Korean-Style Grilled Beef Bahn Mi


¼ soy sauce
1 tablespoon toasted sesame oil
1 tablespoon brown sugar
1 teaspoon grated fresh ginger
1 teaspoon red pepper flakes
1 garlic clove, minced
1 lb flank steak, slice against the grain, 1/8-inch thick

¼ cup water
¼ cup sugar
¾ cup distilled white vinegar
½ cup carrot, julienned
½ cup daikon radish, julienned
Kosher salt

4 (8-inch) hoagie rolls
Mayonnaise, as needed
½ cup fresh cilantro sprigs
1 English cucumber, julienned
Freshly ground black pepper
Chili oil, to taste (optional)


In a bowl, whisk to combine soy sauce, brown sugar, ginger, red pepper and garlic. Add flank steak and marinate, covered, in the refrigerator for 3 hours to overnight.

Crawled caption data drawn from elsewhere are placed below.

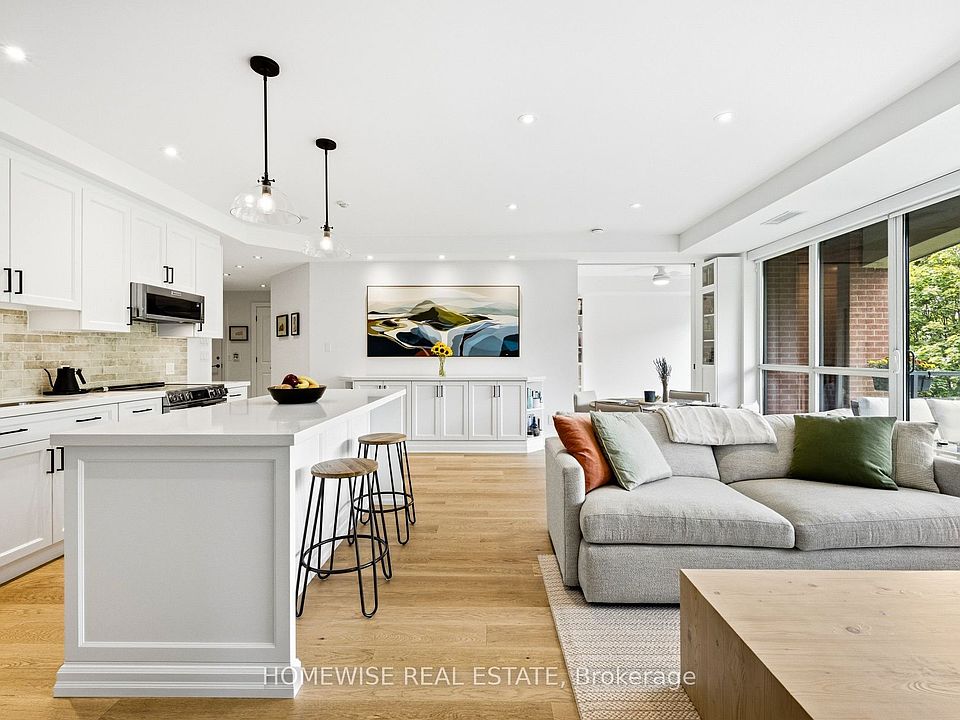 1st image of 11 Soho St #403
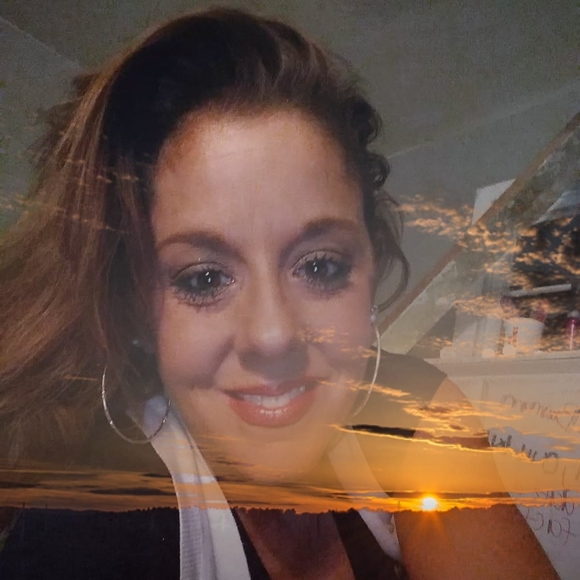 Meet your Posher, Amber - Picture 1 of 1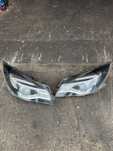Insignia A LIFT Lampa Lewa Prawa Lampy komplet Reflektor Reflektory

Preheat a gas or charcoal grill to medium-high heat. Grill steak slices for 2 minutes per side or until seared and cooked through.

In a small saucepan, combine water, sugar and vinegar. Bring to a boil. Transfer the vinegar mixture to a bowl and add carrots and daikon, mix well and season with salt. Set aside to marinate for at least 30 minutes or store in the refrigerator overnight. Drain well before using.

Preheat oven to 400˚F. Slice rolls open lengthwise and spread one side with mayonnaise. Arrange rolls on a baking sheet and bake until hot and crusty, 3-4 minutes.

Immediately fill each roll with grilled beef slices. Arrange a bit of the slaw, cilantro, cucumber, ground pepper and chili oil. Cut sandwiches in half and serve.